Methodological Strengths

  • Longitudinal in vivo characterization out to 107 days with histopathology and functional readouts.
  • Intervention testing with monoclonal antibodies demonstrates model responsiveness.

Limitations

  • Mouse adaptation and species differences limit direct extrapolation to humans.
  • High-dose challenges and prophylaxis-focused testing may not mirror typical clinical scenarios.

Future Directions: Apply the model to evaluate antifibrotic and immunomodulatory therapies in therapeutic (post‑infection) settings and map cellular/molecular drivers of fibrosis and tertiary lymphoid organogenesis.

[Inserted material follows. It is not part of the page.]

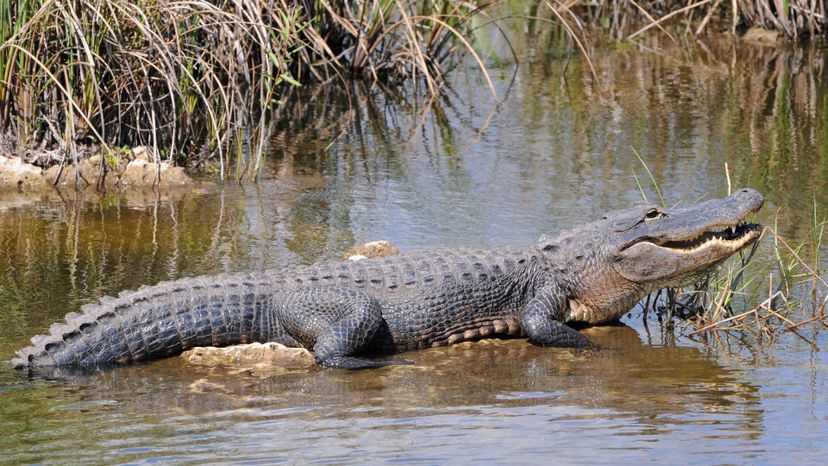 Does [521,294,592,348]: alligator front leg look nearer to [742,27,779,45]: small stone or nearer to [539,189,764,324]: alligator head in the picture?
[539,189,764,324]: alligator head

UNLABELLED: Following severe acute respiratory syndrome coronavirus 2 (SARS-CoV-2) Omicron BA.1, subsequent Omicron sub-lineages have continued to emerge, challenging the development of intervention and prevention strategies, including monoclonal antibodies and vaccines. To better understand the pathogenic effects caused by Omicron BA.5 infection, we developed a mouse-adapted virus with overt disease burden in BALB/c mice. Acute disease was characterized by significant weight loss and lung dysfunction following high-dose challenges. In survivor animals that were followed through 107 days post-infection, subpleural fibrosis with associated tertiary lymphoid structures was noted. Serum from these mice demonstrated potent neutralization against BA.5, with substantially reduced neutralization titers against early epidemic, zoonotic, and more recent contemporary XBB.1.5 variants. Intervention with pre-clinical monoclonal antibodies revealed that robust protection from BA.5-induced lung disease was possible after prophylactic administration. Together, this model enables the investigation of therapeutic approaches for both acute and post-acute sequelae of COVID-19. IMPORTANCE: To best combat the evolving landscape of SARS-CoV-2 variants of interest and variants of concern, the development of effective small animal models is of critical importance. Herein, we describe the development of a model system in BALB/c mice to study the effects of SARS-CoV-2 BA.5 S gene in both acute and chronic disease manifestations. Intriguingly, we determined that fibrotic lung disease with tertiary lymphoid structures was a prominent feature in the lungs of mice that survived through the acute phase of infection. This is a prominent concern in human patients that survive the initial infection insult. As such, and most critically, the model system presented here provides researchers with an effective pathway in which long COVID manifestations and potential interventions can be studied.